Like thousands of Americans, I plan to walk through the Rotunda, where our 40th president will lie in state Thursday, and I loved the grace and humor of Ronald Reagan.


Like Steyn, though, I know that what really mattered about Reagan….


“Ronald Reagan saw Soviet Communism for what it was: a great evil,” writes Steyn. “Millions of Europeans across half a continent from Poland to Bulgaria, Slovenia to Latvia live in freedom today because he acknowledged that simple truth when the rest of the political class was tying itself in knots trying to pretend otherwise. That’s what counts. He brought down the ’evil empire’, and all the rest is fine print.


“At the time, the charm and the smile got less credit from the intelligentsia, confirming their belief that he was a dunce who’d plunge us into Armageddon. Everything you need to know about the establishment’s view of Ronald Reagan can be found on page 624 of Dutch, Edmund Morris’ weird post-modern biography. The place is Berlin, the time June 12, 1987:


“’Mr. Gorbachev, tear down this wall!’ declaims Dutch, trying hard to look infuriated, but succeeding only in an expression of mild petulance…One braces for a flash of prompt lights to either side of him: APPLAUSE.


“What a rhetorical opportunity missed. He could have read Robert Frost’s poem on the subject, ’Something there is that doesn’t love a wall,’ to simple and shattering effect. Or even Edna St. Vincent Millay’s lines, which he surely holds in memory…


    Only now for the first time I see
    This wall is actually a wall, a thing
    Come up between us, shutting me away
    From you … I do not know you any more.
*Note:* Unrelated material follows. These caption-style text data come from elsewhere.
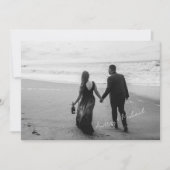 Minimaal Fotoscript Wedding Elopement & Receptie Kaart (Voorkant)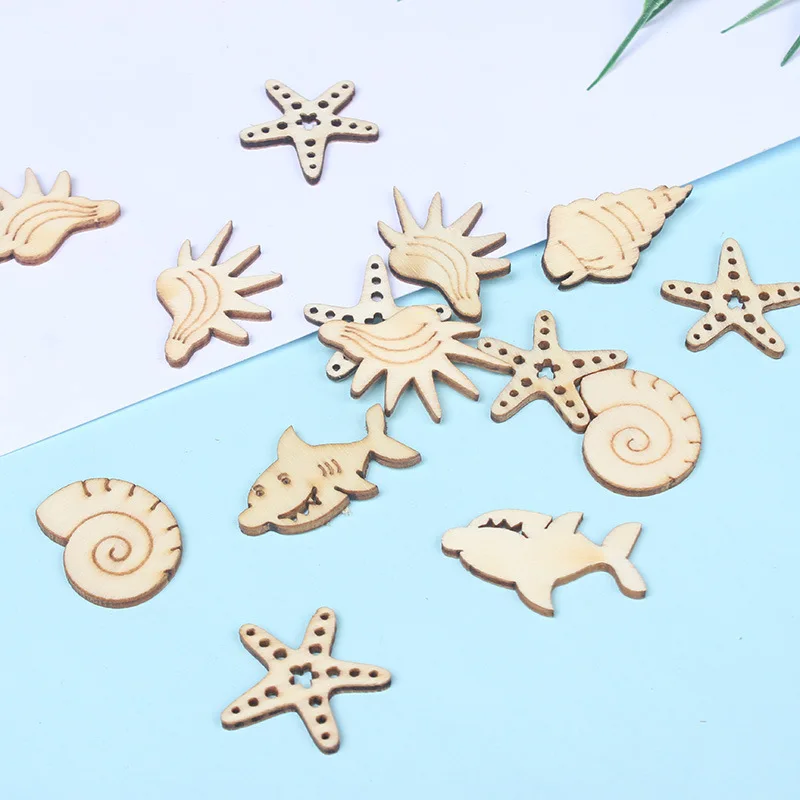 

20Pcs Marine Life Shape Mixed Wooden Chips DIY Decorative Embellishment Crafts Home Decorations Scrapbook Hand-made Graffiti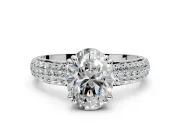Solitaire Engagement Ring Setting for Oval Center with Multi-Row Pave Accents and Basket Head in Platinum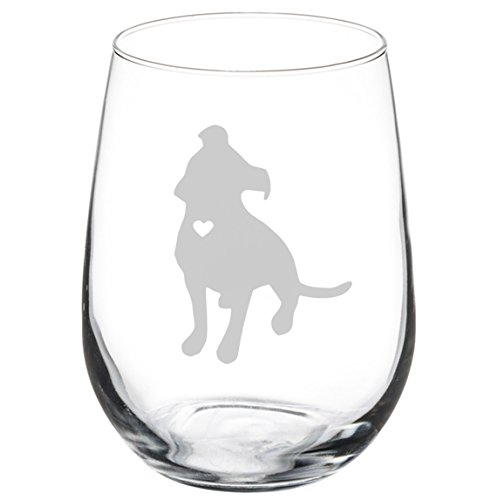 Weinglas Goblet Cute Pitbull mit Herz 17 oz Stemless glas Weinglas Goblet Cute Pitbull mit Herz 17 oz Stemless glas von MIP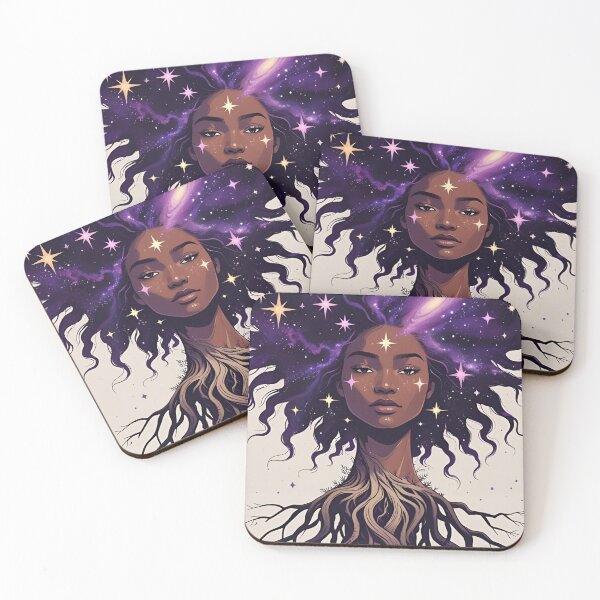 Item preview, Rooted in Earth, Crowned by Stars – Spiritual Afro-Futurist Art Tee designed and sold by modishwelt.
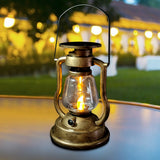 Retro Horse Lantern Rechargeable Solar Battery Camping Light Outdoor LED Candle Flame Warm Lighting Tent Garden Decoration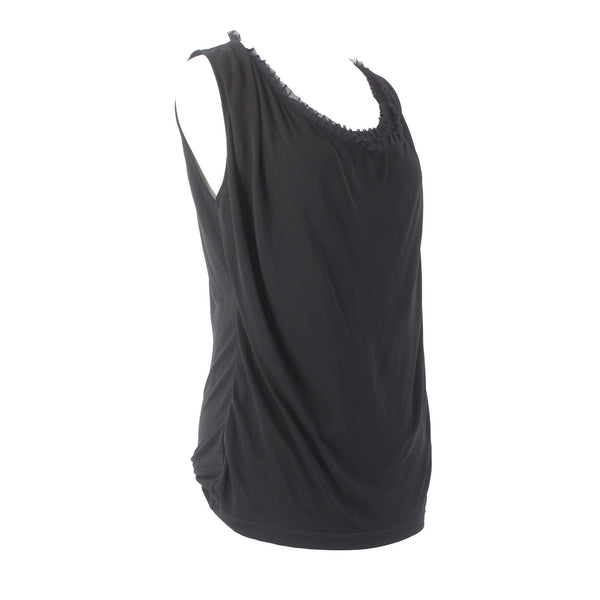Fuzzi Top Sz XL Black Mesh Ruching Round Neck Sleeveless 100% Viscose Top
“Poor old Morris, the plodding, conventional, scholarly writer driven mad by 14 years spent trying to get a grip on Ronald Reagan. Most world leaders would have taken his advice: You’re at the Berlin Wall, so you have to say something about it, something profound but oblique, maybe there’s a poem on the subject … Who cares if Frost’s is over-quoted, and a tad hard to follow for a crowd of foreigners?”